I'm trying to implement a lexer rule for an oracle Q quoted string mechanism where we have something like q'$some string$'
Here you can have any character in place of $ other than whitespace, (, {, [, <, but the string must start and end with the same character. Some examples of accepted tokens would be: q'!some string!' q'ssome strings' Notice how s is the custom delimiter but it is fine to have that in the string as well because we would only end at s'
Here's how I was trying to implement the rule:
Q_QUOTED_LITERAL: Q_QUOTED_LITERAL_NON_TERMINATED . QUOTE-> type(QUOTED_LITERAL);
Q_QUOTED_LITERAL_NON_TERMINATED:
Q QUOTE ~[ ({[<'"\t\n\r] { setDelimChar( (char)_input.LA(-1) ); }
( . { !isValidEndDelimChar() }? )*
;
I have already checked the value I get from !isValidEndDelimChar() and I'm getting a false predicate here at the right place so everything should work, but antlr simply ignores this predicate.
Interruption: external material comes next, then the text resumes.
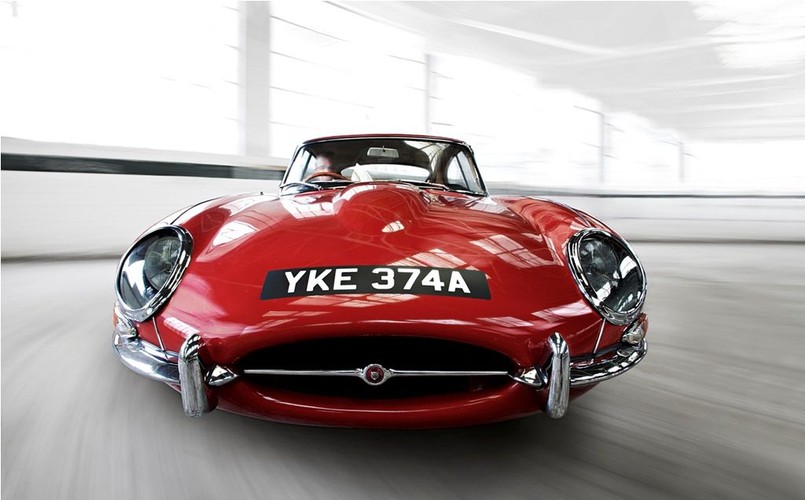 Jaguar E-type coupe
I've also tried moving the predicate around, putting that part in a separate rule, and a bunch of other stuff, after a day and a half of research on the same I'm finally raising this issue.
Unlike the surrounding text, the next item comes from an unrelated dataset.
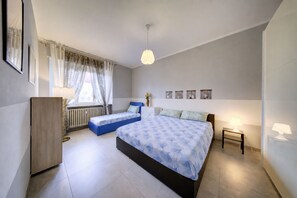 1 chambre, fer et planche à repasser, Wi-Fi gratuit, draps fournis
I have also tried to implement it in other ways but there doesn't seem to be a way to implement a custom char delimited string in antlr4 (The antlr3 version used to work).
Not sure why the { ... }
action isn't invoked, but it's not needed. The following grammar worked for me (put the predicate in front of the .
!):
grammar Test;
@lexer::members {
boolean isValidEndDelimChar() {
return (_input.LA(1) == getText().charAt(2)) && (_input.LA(2) == '\'');
}
}
parse
: .*? EOF
;
Q_QUOTED_LITERAL
: 'q\'' ~[ ({[<'"\t\n\r] ( {!isValidEndDelimChar()}? . )* . '\''
;
SPACE
: [ \t\f\r\n] -> skip
;
If you run the class:
import org.antlr.v4.runtime.*;
public class Main {
public static void main(String[] args) {
Lexer lexer = new TestLexer(CharStreams.fromString("q'ssome strings' q'!foo!'"));
CommonTokenStream tokens = new CommonTokenStream(lexer);
tokens.fill();
for (Token t : tokens.getTokens()) {
System.out.printf("%-20s %s\n", TestLexer.VOCABULARY.getSymbolicName(t.getType()), t.getText());
}
}
}
the following output will be printed:
Q_QUOTED_LITERAL q'ssome strings'
Q_QUOTED_LITERAL q'!foo!'
EOF <EOF>